Aim of the exercise: All lines below are to be output exactly as they stand.

Dataset items:
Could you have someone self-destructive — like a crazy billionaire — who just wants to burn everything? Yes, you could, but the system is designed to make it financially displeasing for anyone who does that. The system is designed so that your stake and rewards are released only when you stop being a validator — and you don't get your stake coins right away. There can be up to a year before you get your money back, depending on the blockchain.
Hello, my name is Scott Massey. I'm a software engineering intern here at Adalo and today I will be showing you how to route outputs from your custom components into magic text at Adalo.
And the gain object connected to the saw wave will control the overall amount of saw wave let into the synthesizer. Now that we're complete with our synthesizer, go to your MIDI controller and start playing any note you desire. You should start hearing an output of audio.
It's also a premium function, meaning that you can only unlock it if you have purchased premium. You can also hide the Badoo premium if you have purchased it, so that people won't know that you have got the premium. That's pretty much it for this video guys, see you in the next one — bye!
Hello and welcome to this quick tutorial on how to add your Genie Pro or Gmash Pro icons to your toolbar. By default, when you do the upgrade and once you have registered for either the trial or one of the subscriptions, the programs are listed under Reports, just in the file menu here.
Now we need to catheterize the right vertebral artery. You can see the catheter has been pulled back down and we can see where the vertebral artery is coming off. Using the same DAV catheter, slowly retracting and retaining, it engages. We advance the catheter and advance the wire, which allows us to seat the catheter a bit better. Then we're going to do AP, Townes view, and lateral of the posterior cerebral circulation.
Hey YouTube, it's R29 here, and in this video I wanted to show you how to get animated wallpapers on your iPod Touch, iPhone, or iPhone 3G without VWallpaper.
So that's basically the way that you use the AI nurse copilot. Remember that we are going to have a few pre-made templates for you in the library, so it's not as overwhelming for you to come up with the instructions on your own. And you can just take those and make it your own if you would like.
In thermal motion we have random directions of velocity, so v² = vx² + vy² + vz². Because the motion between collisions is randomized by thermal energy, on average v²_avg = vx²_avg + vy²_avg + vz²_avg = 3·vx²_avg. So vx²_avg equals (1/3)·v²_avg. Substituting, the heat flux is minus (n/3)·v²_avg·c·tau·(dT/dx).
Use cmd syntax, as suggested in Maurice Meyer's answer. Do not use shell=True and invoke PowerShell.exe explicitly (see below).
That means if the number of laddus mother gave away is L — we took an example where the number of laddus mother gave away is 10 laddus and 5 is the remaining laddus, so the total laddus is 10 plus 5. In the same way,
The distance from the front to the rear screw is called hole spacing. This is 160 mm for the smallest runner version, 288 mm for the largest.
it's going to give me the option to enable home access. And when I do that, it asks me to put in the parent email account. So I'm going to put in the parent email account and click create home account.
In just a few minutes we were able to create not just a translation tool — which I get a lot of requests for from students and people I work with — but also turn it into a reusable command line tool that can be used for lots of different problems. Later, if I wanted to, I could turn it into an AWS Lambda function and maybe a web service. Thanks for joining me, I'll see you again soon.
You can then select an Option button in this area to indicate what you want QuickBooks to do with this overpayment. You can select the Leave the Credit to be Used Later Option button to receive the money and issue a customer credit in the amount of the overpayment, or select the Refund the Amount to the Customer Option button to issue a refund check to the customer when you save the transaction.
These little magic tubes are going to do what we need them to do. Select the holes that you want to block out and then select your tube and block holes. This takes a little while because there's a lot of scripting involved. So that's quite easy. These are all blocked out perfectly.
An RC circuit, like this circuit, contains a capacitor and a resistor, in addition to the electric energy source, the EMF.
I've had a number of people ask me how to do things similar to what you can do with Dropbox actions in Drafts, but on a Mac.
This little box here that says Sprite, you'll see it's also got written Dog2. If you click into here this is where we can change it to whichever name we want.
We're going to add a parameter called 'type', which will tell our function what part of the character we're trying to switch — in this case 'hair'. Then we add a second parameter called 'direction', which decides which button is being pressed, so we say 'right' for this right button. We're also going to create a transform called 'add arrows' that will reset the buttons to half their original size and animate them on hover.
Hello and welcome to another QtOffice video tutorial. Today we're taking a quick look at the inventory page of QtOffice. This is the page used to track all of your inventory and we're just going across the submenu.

Reply to the exercise:
Could you have someone self-destructive — like a crazy billionaire — who just wants to burn everything? Yes, you could, but the system is designed to make it financially displeasing for anyone who does that. The system is designed so that your stake and rewards are released only when you stop being a validator — and you don't get your stake coins right away. There can be up to a year before you get your money back, depending on the blockchain.
Hello, my name is Scott Massey. I'm a software engineering intern here at Adalo and today I will be showing you how to route outputs from your custom components into magic text at Adalo.
And the gain object connected to the saw wave will control the overall amount of saw wave let into the synthesizer. Now that we're complete with our synthesizer, go to your MIDI controller and start playing any note you desire. You should start hearing an output of audio.
It's also a premium function, meaning that you can only unlock it if you have purchased premium. You can also hide the Badoo premium if you have purchased it, so that people won't know that you have got the premium. That's pretty much it for this video guys, see you in the next one — bye!
Hello and welcome to this quick tutorial on how to add your Genie Pro or Gmash Pro icons to your toolbar. By default, when you do the upgrade and once you have registered for either the trial or one of the subscriptions, the programs are listed under Reports, just in the file menu here.
Now we need to catheterize the right vertebral artery. You can see the catheter has been pulled back down and we can see where the vertebral artery is coming off. Using the same DAV catheter, slowly retracting and retaining, it engages. We advance the catheter and advance the wire, which allows us to seat the catheter a bit better. Then we're going to do AP, Townes view, and lateral of the posterior cerebral circulation.
Hey YouTube, it's R29 here, and in this video I wanted to show you how to get animated wallpapers on your iPod Touch, iPhone, or iPhone 3G without VWallpaper.
So that's basically the way that you use the AI nurse copilot. Remember that we are going to have a few pre-made templates for you in the library, so it's not as overwhelming for you to come up with the instructions on your own. And you can just take those and make it your own if you would like.
In thermal motion we have random directions of velocity, so v² = vx² + vy² + vz². Because the motion between collisions is randomized by thermal energy, on average v²_avg = vx²_avg + vy²_avg + vz²_avg = 3·vx²_avg. So vx²_avg equals (1/3)·v²_avg. Substituting, the heat flux is minus (n/3)·v²_avg·c·tau·(dT/dx).
Use cmd syntax, as suggested in Maurice Meyer's answer. Do not use shell=True and invoke PowerShell.exe explicitly (see below).
That means if the number of laddus mother gave away is L — we took an example where the number of laddus mother gave away is 10 laddus and 5 is the remaining laddus, so the total laddus is 10 plus 5. In the same way,
The distance from the front to the rear screw is called hole spacing. This is 160 mm for the smallest runner version, 288 mm for the largest.
it's going to give me the option to enable home access. And when I do that, it asks me to put in the parent email account. So I'm going to put in the parent email account and click create home account.
In just a few minutes we were able to create not just a translation tool — which I get a lot of requests for from students and people I work with — but also turn it into a reusable command line tool that can be used for lots of different problems. Later, if I wanted to, I could turn it into an AWS Lambda function and maybe a web service. Thanks for joining me, I'll see you again soon.
You can then select an Option button in this area to indicate what you want QuickBooks to do with this overpayment. You can select the Leave the Credit to be Used Later Option button to receive the money and issue a customer credit in the amount of the overpayment, or select the Refund the Amount to the Customer Option button to issue a refund check to the customer when you save the transaction.
These little magic tubes are going to do what we need them to do. Select the holes that you want to block out and then select your tube and block holes. This takes a little while because there's a lot of scripting involved. So that's quite easy. These are all blocked out perfectly.
An RC circuit, like this circuit, contains a capacitor and a resistor, in addition to the electric energy source, the EMF.
I've had a number of people ask me how to do things similar to what you can do with Dropbox actions in Drafts, but on a Mac.
This little box here that says Sprite, you'll see it's also got written Dog2. If you click into here this is where we can change it to whichever name we want.
We're going to add a parameter called 'type', which will tell our function what part of the character we're trying to switch — in this case 'hair'. Then we add a second parameter called 'direction', which decides which button is being pressed, so we say 'right' for this right button. We're also going to create a transform called 'add arrows' that will reset the buttons to half their original size and animate them on hover.
Hello and welcome to another QtOffice video tutorial. Today we're taking a quick look at the inventory page of QtOffice. This is the page used to track all of your inventory and we're just going across the submenu.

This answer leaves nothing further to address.